The Morning Advertiser has jumped the gun slightly this week by asking trade figures to reflect on how the Licensing Act 2003 has played out.
We're still six months away from reaching its half-decade anniversary of implementation. But we couldn't resist seeking out a bit of perspective on what the new licensing regime has actually meant, given the near-hysterical tone of a lot of the public rhetoric that flies around.
The tabloids, led by the Daily Mail, continue to huff and puff about streets awash with drink-sodden and — in the vast majority of images used — under-dressed revellers. The Government is schizophrenic in tolerating below-cost alcohol in supermarkets and driving Draconian crackdowns on the on-trade, with wave after wave of initiatives backed up by fresh legislation. Mandatory conditions that only apply in the on-trade are the latest example (the search for a dentist's chair, with customers having alcohol poured down their throats, continues).
Our respondents talked of more red tape and additional costs of local authority control of licensing. Others acknowledged it would be churlish not to be thankful for the extra hour or two of late-trading flexibility the Act brought (but this sensible piece of flex didn't need the full apparatus of legislation to have been enacted).
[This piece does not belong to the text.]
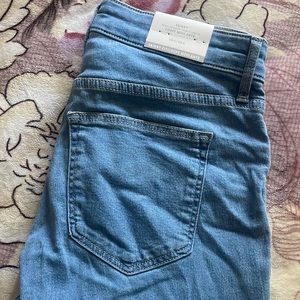H&M light wash regular waist skinny jeans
But anyone who looks hard at our town and city centres will surely notice one other very important thing: the Licensing Act has clearly played its part, as was hoped, in calming the circuit. The addition of late-drinking options, in town centres and in suburban pubs, has helped take the heat out of many flash-points that occurred when options were so much more limited.
The Licensing Act was intended to herald the start of a burgeoning Continental-style café culture. This was, of course, the talk of people who had drunk too much pastis. But what we've had is a proliferation of options leading to a fragmentation of the circuit crowd that would swoop and dive between bars and nightclubs with the speed and regimentation of flocks of starlings.
Other factors are at play: the rise of cheap supermarket booze, the diminution of the pull of the circuit by dint of relatively-low investment levels, and cash-strapped students and others hit by the recession.
But the landscape is changing — evidence is all about us. Fewer people are arriving in the super-sized nightclubs at the end of the big nights out; over-heated town centres are quieter as a result of an undermining of the monopoly on late-night power held by certain operators; younger people seem increasingly unwilling to form a weekend mob, touring high-energy pubs and bars.
There's more research needed here to turn the anecdotal into evidence-based and proven trends. Major behavioural change tends to be a slow-moving phenomenon, but it feels to me like there is major drinking climate change in train.